To say Franklin is on the Mount Rushmore of pop divas does her no justice at all. Fact is, she's the only reason such a monument would ever exist in the first place (as she'd probably be first to remind you). Make a case for Etta or Barbra or Whitney or Adele all you like, but on their very best days, the world's greatest singers, male and female, were in her class. It was never the other way around.

Memphis-born and Detroit-raised, Franklin grew up belting gospel in church, where her father was a renowned Baptist minister and her mentor was Mahalia Jackson. Her raw vocal talent, the way she whirled those notes up and out of her body, was obvious. But she was not a household name overnight — it wasn't until leaving Columbia Records for Atlantic in 1967, a decade into her career, that she started her path to icon status. That year, Chain of Fools, Baby I Love You, I Never Loved a Man (The Way I Loved You) and her signature song Respect all went to No. 1.

Respect was an interesting one. Otis Redding wrote and sang it from the perspective of a man who wants respect from his lady "when I come home." Franklin's update pleaded for respect not just from her man, but from the world — it was she who worked in the unforgettable "R-E-S-P-E-C-T" breakdown and "sock it to me" refrain.
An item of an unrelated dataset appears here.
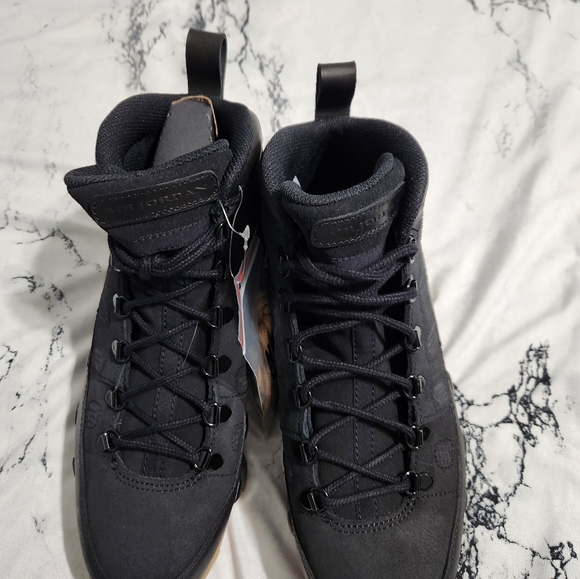 Jordan 9 boots - Picture 3 of 5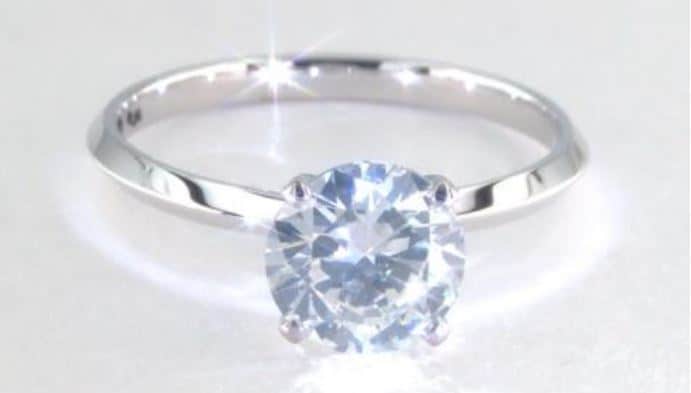20k engagement ring solitaire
If it's not the most empowering pop song ever, it's in the conversation.

"In later times, it was picked up as a battle cry by the civil rights movement," she told NPR in 1999. "But when I recorded it, it was pretty much a male-female kind of thing. And more in a general sense, from person-to-person — I'm going to give you respect and I'd like to have that respect back, or I expect respect to be given back."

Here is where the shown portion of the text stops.